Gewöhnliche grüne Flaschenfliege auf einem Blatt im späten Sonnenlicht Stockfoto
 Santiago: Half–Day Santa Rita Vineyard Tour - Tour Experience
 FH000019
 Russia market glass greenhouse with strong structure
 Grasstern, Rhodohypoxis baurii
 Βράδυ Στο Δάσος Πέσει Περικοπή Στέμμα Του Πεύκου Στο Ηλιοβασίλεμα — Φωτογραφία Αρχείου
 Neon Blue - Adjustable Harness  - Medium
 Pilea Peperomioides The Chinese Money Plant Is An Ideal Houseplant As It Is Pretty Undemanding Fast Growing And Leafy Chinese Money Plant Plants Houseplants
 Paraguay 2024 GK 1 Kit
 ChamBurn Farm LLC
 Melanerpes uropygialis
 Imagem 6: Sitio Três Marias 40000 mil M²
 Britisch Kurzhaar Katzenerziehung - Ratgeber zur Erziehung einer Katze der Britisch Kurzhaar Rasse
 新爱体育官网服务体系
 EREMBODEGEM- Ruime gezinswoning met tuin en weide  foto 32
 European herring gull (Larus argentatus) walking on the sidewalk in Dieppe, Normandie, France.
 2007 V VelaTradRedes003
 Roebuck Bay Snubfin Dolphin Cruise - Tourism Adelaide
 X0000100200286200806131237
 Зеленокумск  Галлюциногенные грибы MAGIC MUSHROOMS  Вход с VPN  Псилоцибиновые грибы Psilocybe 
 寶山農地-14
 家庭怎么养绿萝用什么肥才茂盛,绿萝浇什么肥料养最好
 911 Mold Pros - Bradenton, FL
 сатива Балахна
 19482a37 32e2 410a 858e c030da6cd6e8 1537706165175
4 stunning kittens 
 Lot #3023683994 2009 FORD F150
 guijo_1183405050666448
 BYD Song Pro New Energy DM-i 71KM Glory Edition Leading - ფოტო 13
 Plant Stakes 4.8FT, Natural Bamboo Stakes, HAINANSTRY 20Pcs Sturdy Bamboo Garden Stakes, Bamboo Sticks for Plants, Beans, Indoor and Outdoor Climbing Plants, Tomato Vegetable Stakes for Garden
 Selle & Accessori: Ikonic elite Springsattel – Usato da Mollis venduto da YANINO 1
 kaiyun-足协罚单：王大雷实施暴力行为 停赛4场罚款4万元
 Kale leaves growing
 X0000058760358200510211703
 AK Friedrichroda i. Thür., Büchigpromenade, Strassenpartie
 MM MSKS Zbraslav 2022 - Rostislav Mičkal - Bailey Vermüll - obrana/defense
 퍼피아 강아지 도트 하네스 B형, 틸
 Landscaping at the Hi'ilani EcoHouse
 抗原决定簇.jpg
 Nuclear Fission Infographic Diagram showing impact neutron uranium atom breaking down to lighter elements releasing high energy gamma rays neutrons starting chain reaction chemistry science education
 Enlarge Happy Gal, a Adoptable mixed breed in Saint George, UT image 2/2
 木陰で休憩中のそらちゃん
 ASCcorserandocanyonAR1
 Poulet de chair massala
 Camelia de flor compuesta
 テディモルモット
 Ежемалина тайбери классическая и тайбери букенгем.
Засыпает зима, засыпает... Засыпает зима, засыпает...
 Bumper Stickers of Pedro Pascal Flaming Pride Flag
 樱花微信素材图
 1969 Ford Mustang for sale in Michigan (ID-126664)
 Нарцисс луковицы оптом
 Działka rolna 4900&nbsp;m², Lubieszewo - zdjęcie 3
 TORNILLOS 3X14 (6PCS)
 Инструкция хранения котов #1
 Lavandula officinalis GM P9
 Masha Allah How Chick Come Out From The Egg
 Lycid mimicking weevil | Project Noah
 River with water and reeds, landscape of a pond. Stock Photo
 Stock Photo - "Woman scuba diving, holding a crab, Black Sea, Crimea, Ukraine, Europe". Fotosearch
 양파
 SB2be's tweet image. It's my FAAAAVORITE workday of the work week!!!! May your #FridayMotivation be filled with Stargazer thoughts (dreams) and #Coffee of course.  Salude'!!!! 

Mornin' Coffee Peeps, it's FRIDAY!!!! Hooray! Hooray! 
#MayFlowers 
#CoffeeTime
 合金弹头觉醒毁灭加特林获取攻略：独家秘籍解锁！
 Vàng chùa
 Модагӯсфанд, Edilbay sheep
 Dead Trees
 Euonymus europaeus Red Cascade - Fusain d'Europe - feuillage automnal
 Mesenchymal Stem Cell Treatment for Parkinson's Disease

______

- Prompt: Reproduce only the lines above spanning from the line containing "Grasstern, Rhodohypoxis baurii" through the line containing "Neon Blue - Adjustable", word for word.

- The completed task:
 Grasstern, Rhodohypoxis baurii
 Βράδυ Στο Δάσος Πέσει Περικοπή Στέμμα Του Πεύκου Στο Ηλιοβασίλεμα — Φωτογραφία Αρχείου
 Neon Blue - Adjustable Harness  - Medium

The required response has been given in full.